S'emparer d'un esprit dont la foi m'est promise,
C'est surprendre une place entre mes mains remise ;
Et vous ne seriez pas moins coupable que lui,
Si je ne vous voyais d'un autre oeil aujourd'hui.
À des crimes pareils j'ai dû même justice,
Et ne choisis pour vous qu'un amoureux supplice.
Pour un si cher objet que je mets en vos bras,
Est-ce un prix excessif qu'un si juste trépas ?

Ardaric
Mais c'est déshonorer, seigneur, votre hyménée
Que vouloir d'un tel sang en marquer la journée.

Attila
Est-il plus grand honneur que de voir en mon choix
Qui je veux à ma flamme immoler de deux rois,
Et que du sacrifice où s'expiera leur crime,
L'un d'eux soit le ministre, et l'autre la victime ?
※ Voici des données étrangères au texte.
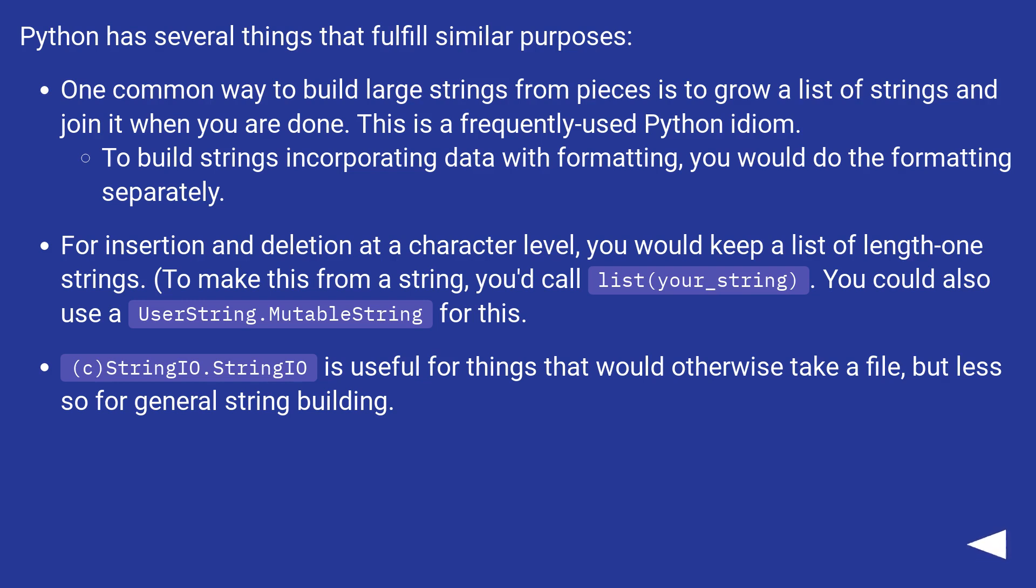Python has several things that fulfill similar purposes. One common way to build large strings from pieces is to grow a list of strings and join it when you are done. This is a frequently used Python idiom.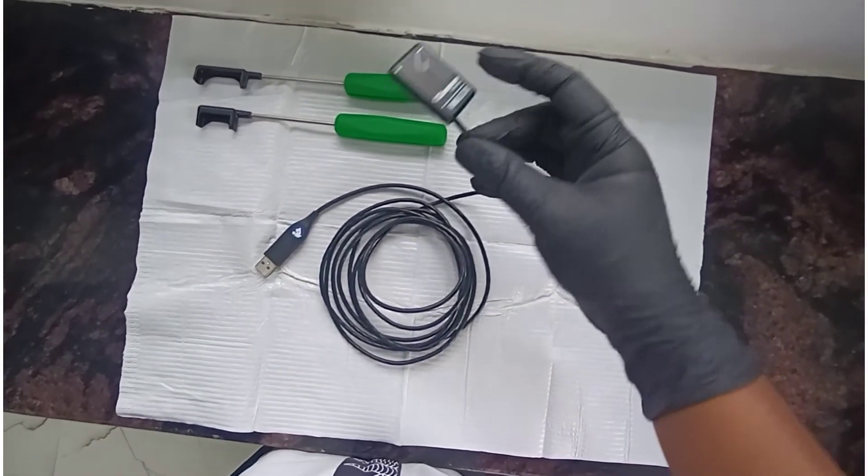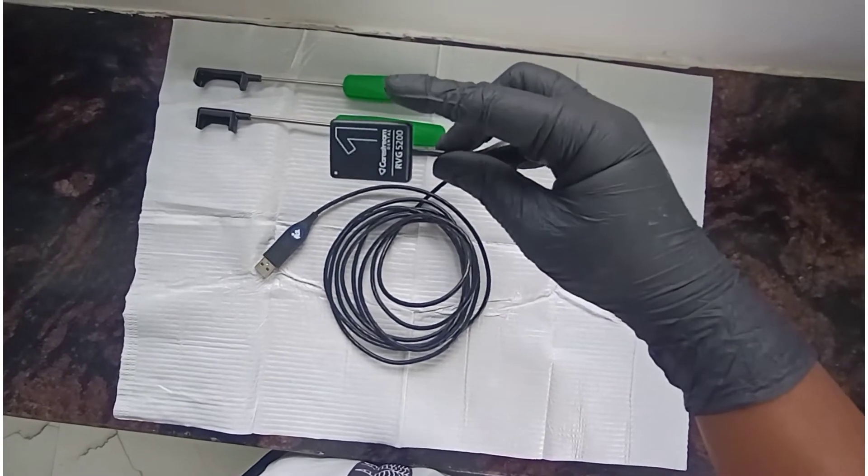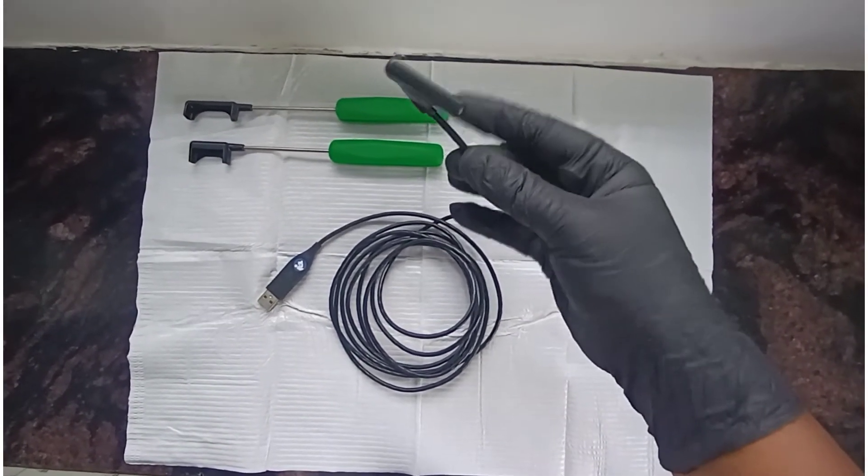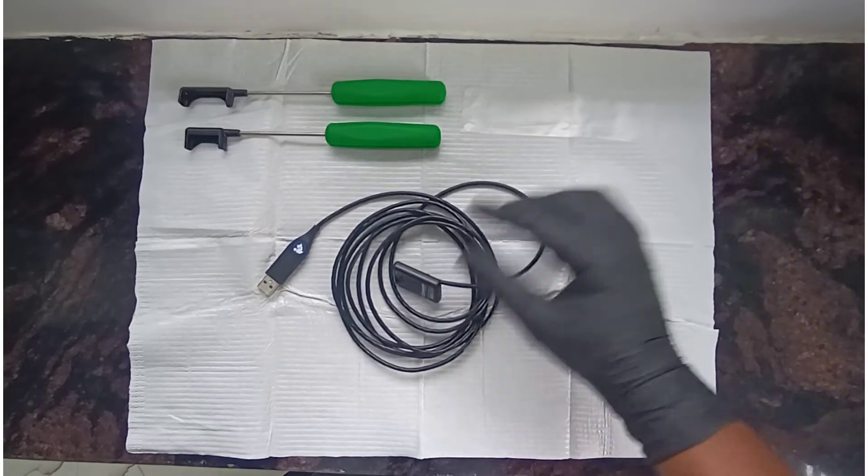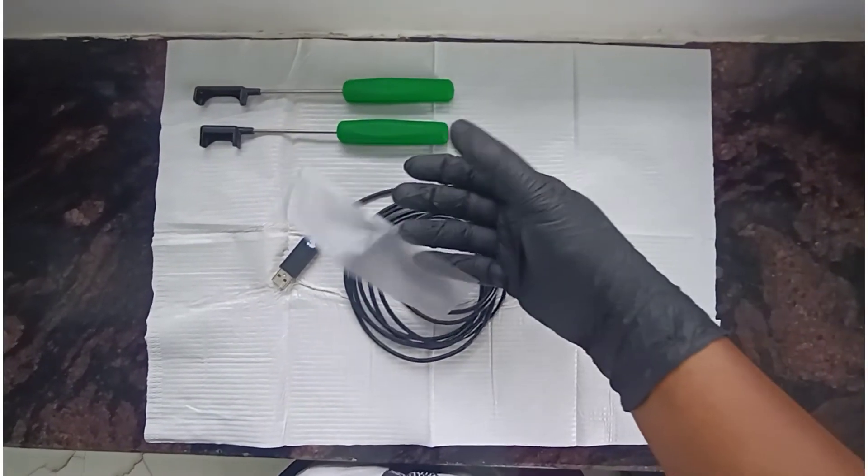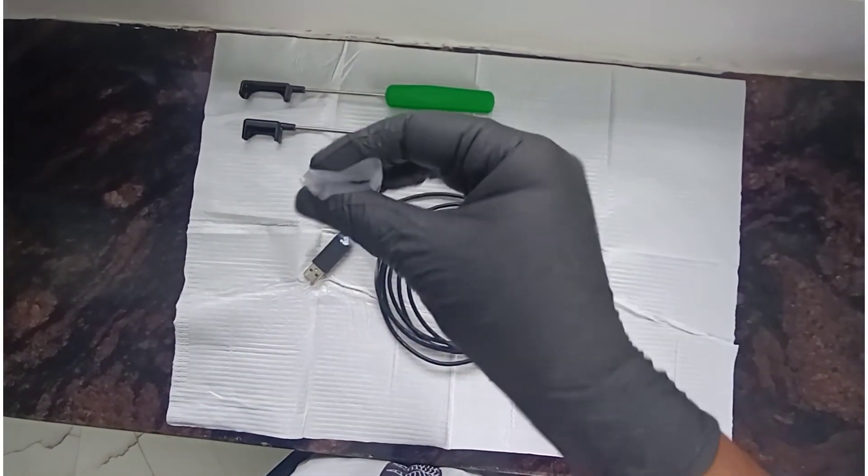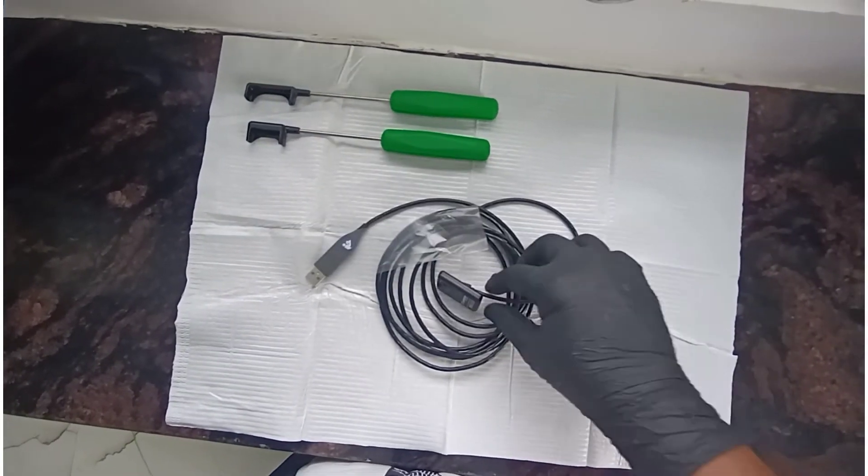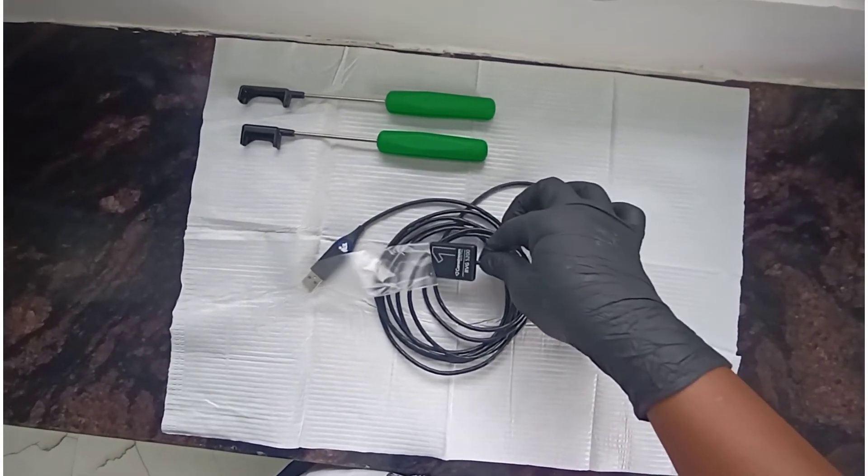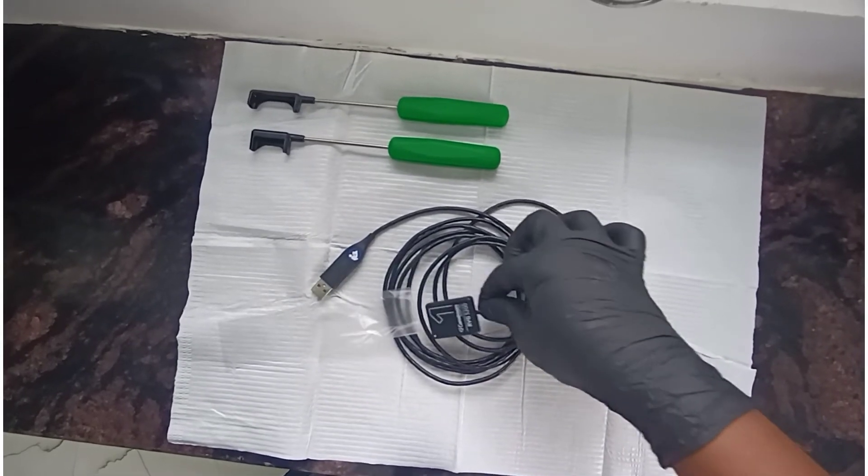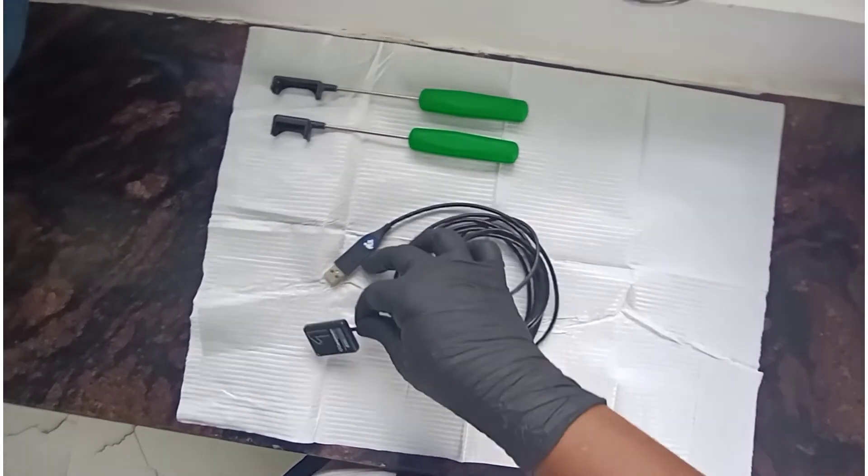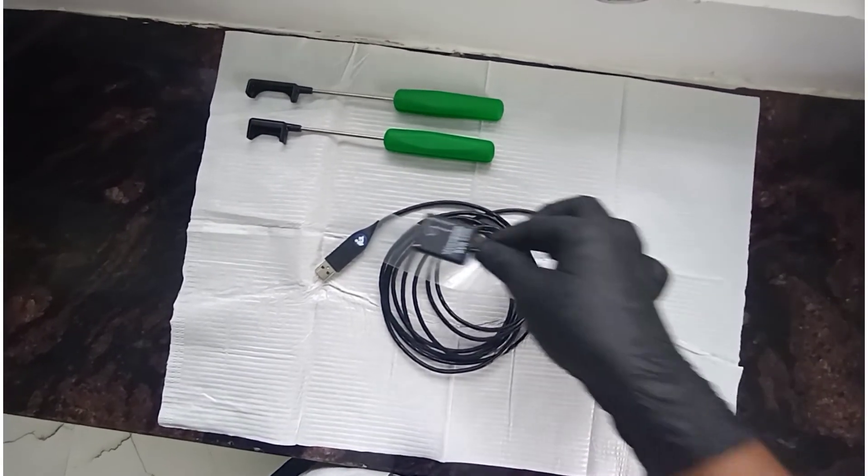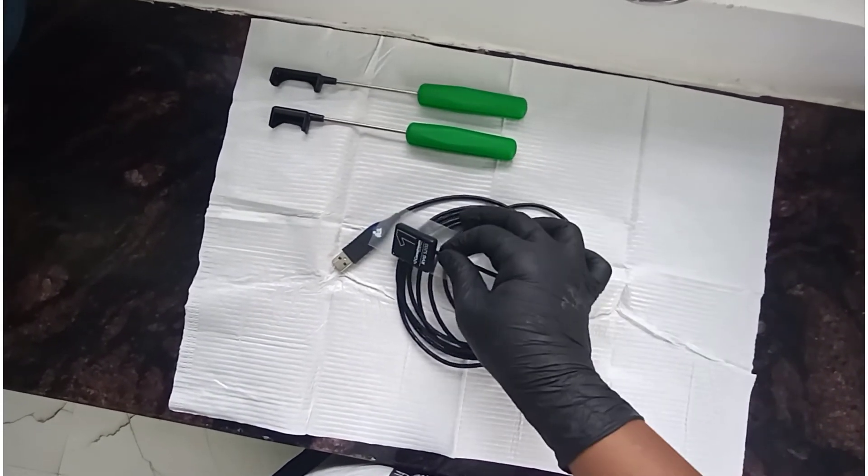Along with these, this is an RVG sleeve. It is disposable. For every patient, you have to put the sleeve to protect the sensor from getting wet, and it's good for sanitization.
Si vous n'osez par là satisfaire vos feux,
Craignez que Valamir ne soit moins scrupuleux,
Qu'il ne s'impute pas à tant de barbarie
D'accepter à ce prix son illustre Honorie,
Et n'ait aucune horreur de ses voeux les plus doux,
Si leur entier succès ne lui coûte que vous ;
Car je puis épouser encor votre princesse,
Et détourner vers lui l'effort de ma tendresse.